Dans ces conditions, je vous saurais gré, Monsieur le Ministre, de bien vouloir reconsidérer votre décision de supprimer la parcelle de liberté accordée jusqu’à présent aux condamnés à de longues peines ; décision qui risque d’embraser le milieu carcéral.
Je vous prie d’agréer, Monsieur le Ministre, l’expression de ma considération distinguée.

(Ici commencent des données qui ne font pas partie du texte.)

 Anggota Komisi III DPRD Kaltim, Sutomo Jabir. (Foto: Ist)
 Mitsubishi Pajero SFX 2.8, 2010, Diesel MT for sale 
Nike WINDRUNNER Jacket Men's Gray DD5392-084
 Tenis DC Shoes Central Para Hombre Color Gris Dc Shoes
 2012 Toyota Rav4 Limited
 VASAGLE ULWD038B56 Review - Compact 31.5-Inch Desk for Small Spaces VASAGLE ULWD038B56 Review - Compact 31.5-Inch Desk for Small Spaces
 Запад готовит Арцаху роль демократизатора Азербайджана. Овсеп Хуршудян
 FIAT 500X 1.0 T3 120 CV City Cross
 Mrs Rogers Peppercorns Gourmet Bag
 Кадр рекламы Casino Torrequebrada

Réponse du Ministre de la Justice (14/01/04) :
Monsieur le Sénateur,
Vous avez bien voulu appeler mon attention sur les récents événements survenus dans les maisons centrales (tentative d’évasion centrale à la maison centrale d’Arles, mutineries successives sur la maison centrale de Clairvaux, incidents à la maison centrale de Moulins) qui illustrent la nature des risques
auxquels ces établissements pénitentiaires se trouvent confrontés.

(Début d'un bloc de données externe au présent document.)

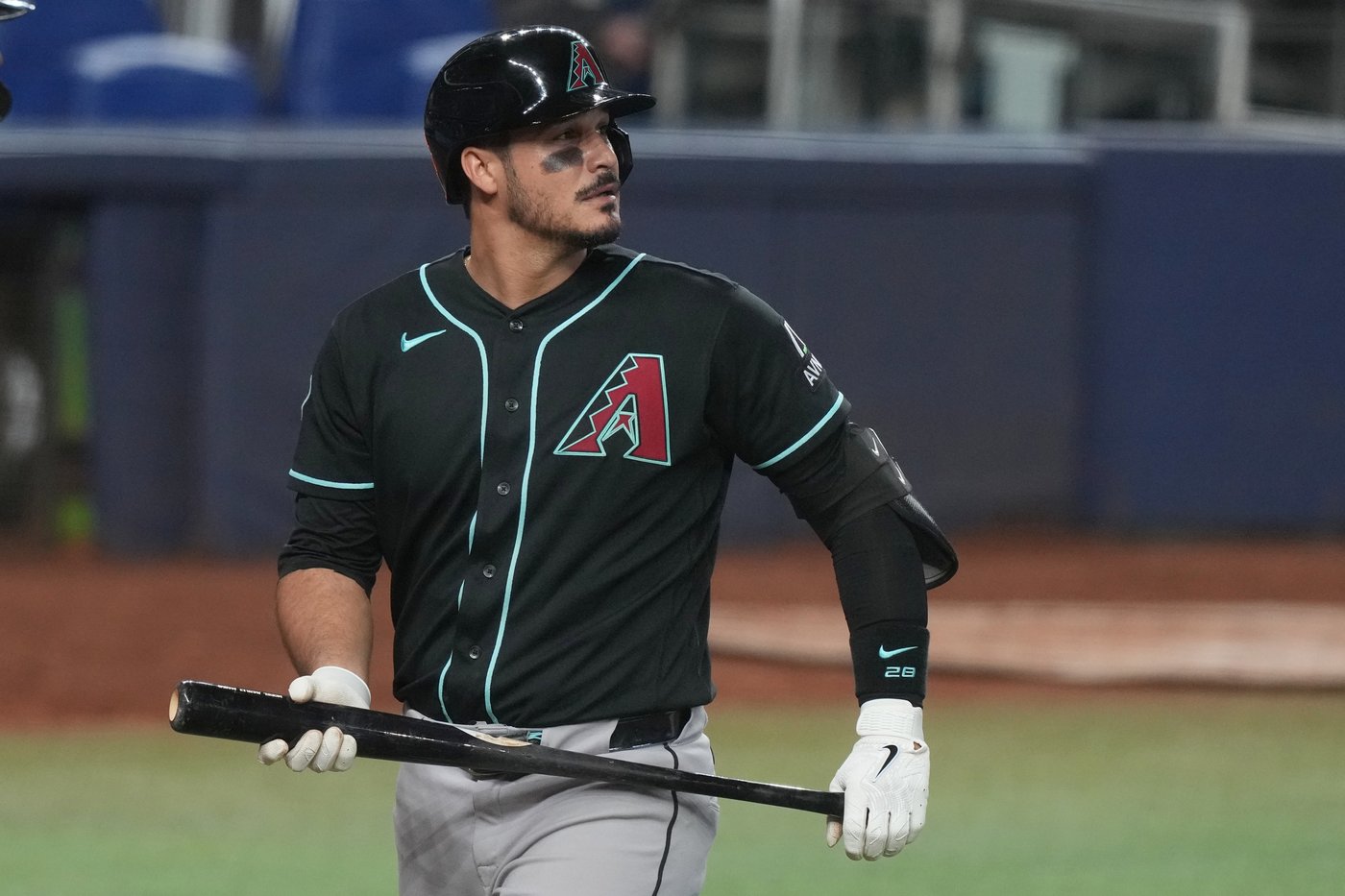 Tyler Phillips earns 1st win of the season in Marlins 2-0 victory over Diamondbacks | iNFOnews.ca Tyler Phillips earns 1st win of the season in Marlins 2-0 victory over Diamondbacks | iNFOnews.ca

Le contexte actuel d’accroissement régulier du nombre de condamnés issus du grand banditisme et des différentes mouvances terroristes est un phénomène préoccupant. Il ne s’agit néanmoins pas du seul facteur de fragilisation des maisons centrales.
Les divergences de règles de fonctionnement d’une maison centrale à l’autre, constatées à l’occasion des missions de l’inspection et des audits de sécurité de la brigade de sécurité pénitentiaire, sont utilisées par certains détenus pour assurer leur maîtrise sur d’autres plus faibles et plus vulnérables.
L’ouverture des portes de cellules est l’une de ces pratiques qui non seulement contribuent à fragiliser considérablement l’autorité des personnels pénitentiaires mais encore mettent en jeu la notion de sécurité collective au sein d’une centrale.
Il est donc devenu indispensable en ce qui concerne les maisons centrales de restaurer des règles de fonctionnememnt communes permettant la prise en charge des détenus les plus dangereux tout en garantissant la sécurité des personnels et des détenus.
Il importe enfin de souligner que le respect des portes de cellules fermées au sein des maisons centrales n’ôte pas pour autant l’accès des détenus qui y sont incarcérés au travail, aux formations ou aux activités sportives et socio-éducatives. Les détenus ne sont donc pas enfermés toute la journée mais peuvent au contraire organiser leur journée en participant aux différentes activités.
Je vous prie de croire, Monsieur le Sénateur, à l’assurance de ma considération distinguée.